UM GIGANTE IDIOTIZADO
                                                        
Iniciei minha vida como professor em 1972, em plena ditadura militar. Época em que as matérias de jornal que continham alguma informação contra o governo eram censuradas e substituídas por estrofes dos Lusíadas ou poemas de Olavo Bilac, Castro Alves e outros poetas. Nos dois colégios onde eu dava aulas havia “olheiros” dos militares. Alguns eram professores, a maioria pertencente á Policia Militar ou ao exército. Muitos eram patrocinados pelo regime para se formar em faculdades de filosofia justamente para espionarem os colegas. Bom para eles que complementavam seus soldos com a renda obtida das aulas. Já nós, simples professores que não tínhamos esse outro lado da vida para nos sustentar, éramos obrigados a correr de uma escola para outra, dando uma aulinha aqui, outra ali, para poder completar uma carga horária que nos desse, no mínimo, uma condição de sobrevivência. 
Já completou 45 anos essa história. Na época xingávamos Deus e todo mundo ─ Deus ás claras e o governo á boca pequena ─ pela situação em que vivia a educação e os professores em geral. O governo militar havia substituído os antigos currículos, que separava os estudos clássicos dos científicos, por um currículo único que contemplava, além de outras coisas, uma clara opção para a propaganda ideológica, com a inclusão obrigatória das chamadas matérias de Educação Moral e Cívica, cujo único objetivo era promover o regime. E quem dava essas aulas? Os professores formados pelo regime, é claro. Uma boa parte deles com cursos na famosa Escola Superior de Guerra.

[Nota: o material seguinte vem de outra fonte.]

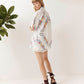 A woman wearing a white embroidered kimono-style cover-up with colorful floral patterns and a scalloped hem, paired with dark brown strappy sandals, standing against a white wall with green plants in the background.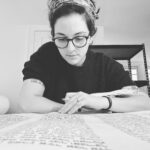 Woman with glasses reading a large document on a table, black and white photo.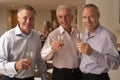 Men Enjoying Champagne At A Dinner Party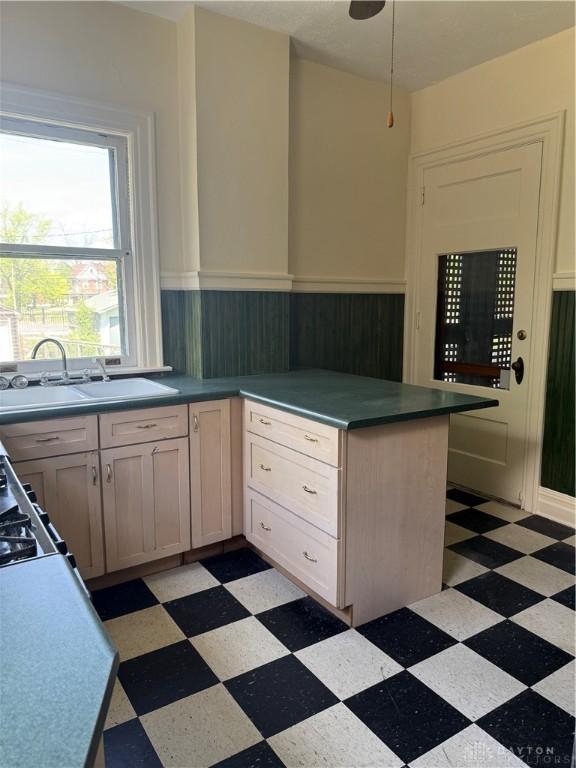 kitchen featuring a sink, wood walls, light floors, a peninsula, and wainscoting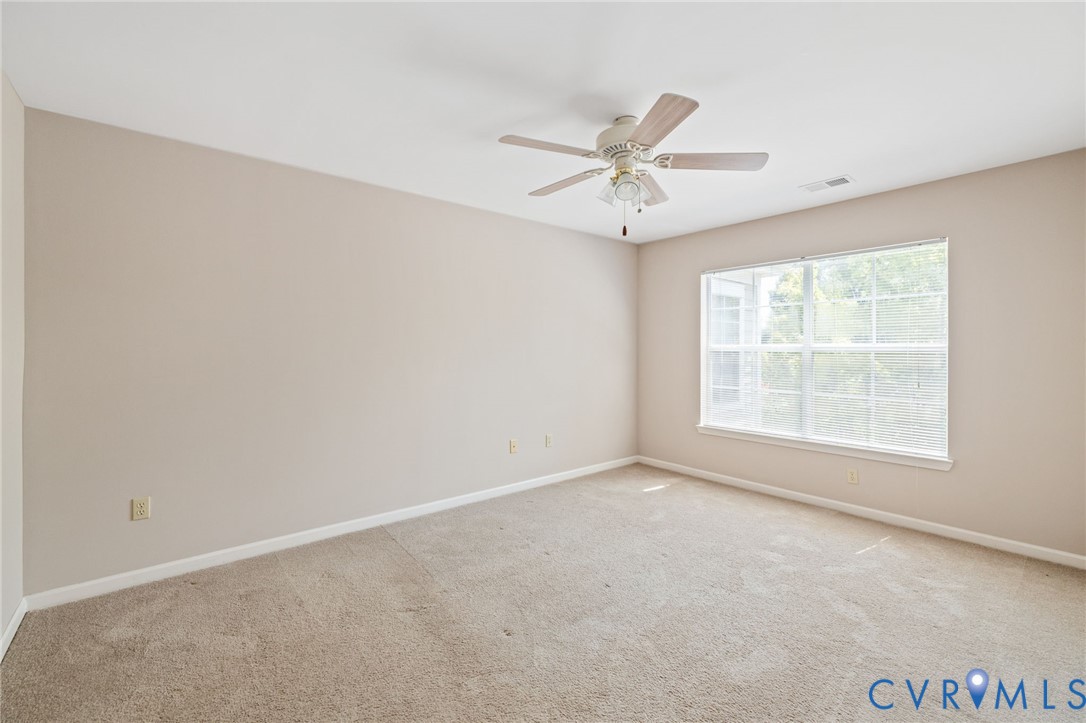 600 Fern Meadow Loop, Unit 308 Midlothian, VA 23114 - Photo 24 of 39 an empty room with a window and a fan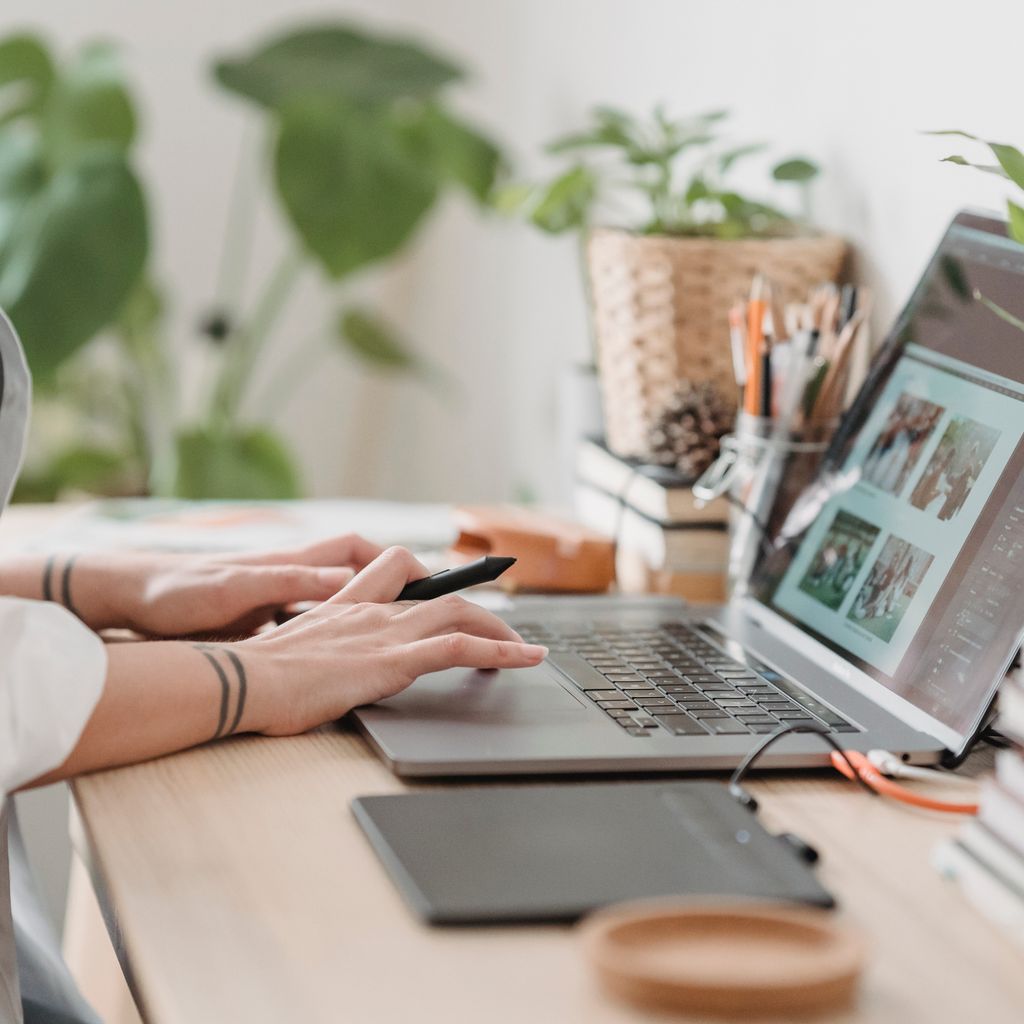 A designer working on a laptop with a drawing tablet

Quarenta e cinco anos depois, o que mudou no país? Recuperamos a liberdade, retomamos as ruas, estamos elegendo governantes por nossa livre escolha. E dai? O Brasil continua com um dos mais baixos índices de educação no mundo. A pátria dos generais que diziam “Ame-o ou deixe-o” passou a ser a pátria dos políticos que esvaziam os cofres públicos, dilapidam o patrimônio nacional e ainda riem na nossa cara, porque esperam sair impunes. No tempo dos militares eles botavam  os professores na cadeia quando falavam mal deles. Hoje, a polícia bate nos professores na rua mesmo quando eles tentam se manifestar. Talvez seja melhor apanhar na rua e voltar para casa com a cara ensanguentada do que ir para a cadeia e se enforcar “voluntariamente” como Wladimir Herzog, mas serão essas as únicas opções que nos restam? Naquele tempo, pessoas que estão no poder hoje diziam que éramos um bando de idiotas ajudando a formar um povo idiotizado. O que foi que mudou? “Ame-o ou deixe-o”. “Pátria Educadora.” “Ordem e Progresso”. Bastou uma simples greve de caminhoneiros para mostrar o tamanho da mentira em que nós vivemos. E começar a pedir pela volta da ditadura. Será que algum dia este país vai deixar de ser este gigante idiota, deitado eternamente em berço esplêndido? E começar a educar nossa gente de verdade?